それは第六感が働いたかのように何の根拠もなく、ただ一つの事実を呼び起こす。
娘。わたしの信用する範囲に。オーマが信頼する相手の内に、オーレリアさんの娘が入るかどうかなんて―――――私は知らないのに。
ヒントをくれていたのに。
「悪戯っ子に夢を見せられてるかも知れないよ~?病気が治ってめでたしめでたし~、な夢をさ」
本当の敵は・・・・・・・忠告していたのは、今この時、オーマを一人にすること。
「・・・・・・っ」
ヒメは床を蹴った。
「ん~」
それを見送りオーレリアは思う。
「あの子に腹芸は無理かな~」
アーリアから伝えられた、魔王が勇者に殺される勇者事件。そしてオーマがそれを解決しようとする大まかな成り行き。伝えられたこの事件にはアーリアと、オーマの主観が大いに含まれている。それを排して考えれば、黒幕候補の一人は―――ヒメ=レーヴェンその人である。いや、であった。オーレリアの話にころころと表情を変える素直な子。もし今の彼女がオーマを殺そうと考えるようになるなら、一体どんなきっかけだろう。彼女は、家族を皆殺しにされたとの思い込みを越えてなお、純粋で素直だった。無駄に長く生きているオーレリアにとってみればからかいたくなるほどに。とてもオーマをたぶらかして騙し、殺すようなことをするとは思えない。

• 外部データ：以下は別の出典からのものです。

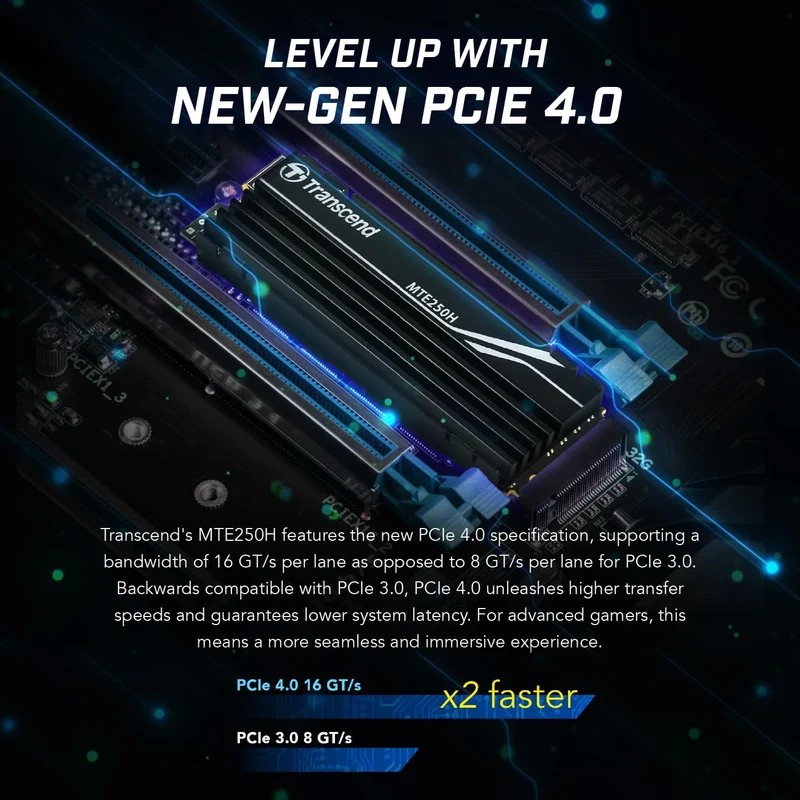 Transcend 250H M.2 2280 NVMe PCIe Gen4 x4 Internal Gaming SSD with Metal Heatsink - Compatible with PS5 (1TB, 2TB, 4TB) (TS1TMTE250H, TS2TMTE250H, TS4TMTE250H)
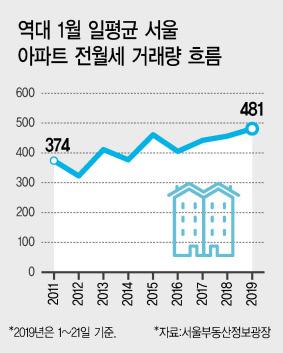 헤럴드경제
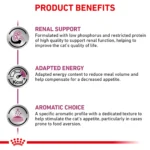 Royal Canin® Veterinary Diet Feline Renal Support D Adult Cat Wet Food in Gravy  3 oz can - Image 3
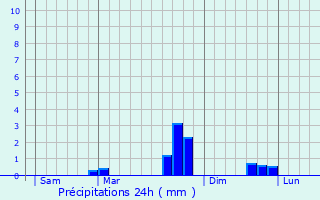 Graphique des précipitations prvues pour Bohinjska Bistrica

ただそれもオーレリアの中で可能性が低くなっただけだ。オーマを殺すだけの『きっかけ』が無いとも言い切れないから。
アーリアの言葉を疑ったわけでは無いが自分で確認しなければ気が済まない事というものもある。大事な弟の恋人とか、一大事だから。まあ、ともかく疑いはある程度晴れた。

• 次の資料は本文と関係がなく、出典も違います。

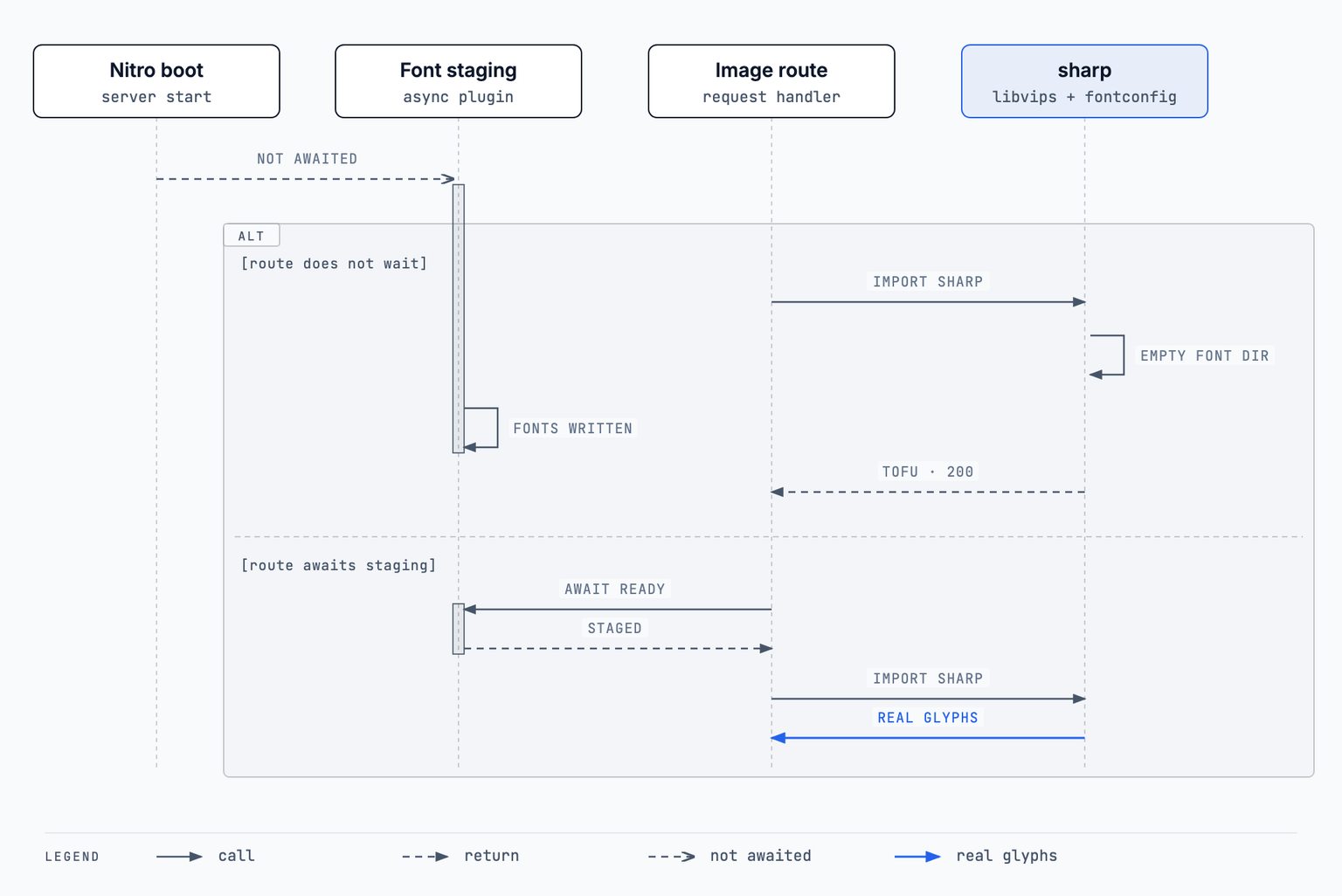 Sequence diagram: an unawaited startup plugin is still writing fonts when the image route imports sharp, so fontconfig reads an empty directory and the route returns tofu with a 200. In the fixed path the route awaits staging first and gets real glyphs.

なら、次に疑いを向けるべきは、・・・・・・現魔王か。
「面倒くさいな~」
本当に、高い恩を買ってしまった。
(まったく、オーマもヒメも少しは人を疑うことを覚えられないかな~)
ヒメの身体能力を以てして、本当に一瞬だった。
視界にオーマと共にいるはずのシャルを見つける。
「シャル!?」
びくっ
「ひ、ヒメ様?どうしたっすか?」
扉の前で蹲るシャルに嫌な予感が高まった。一人にしてしまった。
シャルの無事を見るや、視線と意識はそのまま今まさに開けている扉の向こうへと。
遅かった。
オーマが・・・。
裸の少女に押し倒されていた。
「・・・・・・・え?」
「・・・・・・へ」
順にヒメ、シャルの漏らしたつぶやき。そんな二人の視線をたどってオーマもまた自らの懐に目を向ける。
「・・・いや、あの、これは」
オーマもまたこっちを見て冷や汗をたらす。
「お・・・」
「お?」
裸の少女と抱き合っているオーマ。
「オーマが・・・」
それは。
「ラッキースケベされてます!!」
「・・・・・」
あ、オーマが呆れてる。
「・・・・・・・ほうほう」
しばらくして来たオーレリアは硬直するヒメの背中に覆いかぶさる。
当の体中に黒紫の痕を残す少女はオーマの胸の上で気持ちよさそうに寝息を立てている。
「・・・・・・・・・ねえ、オーマ?私の娘に・・・・・何してるの?」
それは先ほどの少し怖いお義姉さんの声だった。
「別になにもしてないからな!」
そんな、またひと騒動おきそうなやり取りの裏で密かにヒメは安堵していた。キュウちゃんはただのハーレム要員だったらしい。先ほど働いた第六感は俗に言う女の勘というやつだったのだと。
だが、もし一歩間違っていれば私はオーマを見殺しにすることになったのだと。そんな、悪夢から、私は目をそらした。
―――はずなのに。
オーレリアさんのさっきの言葉が胸を不穏にざわつかせていた。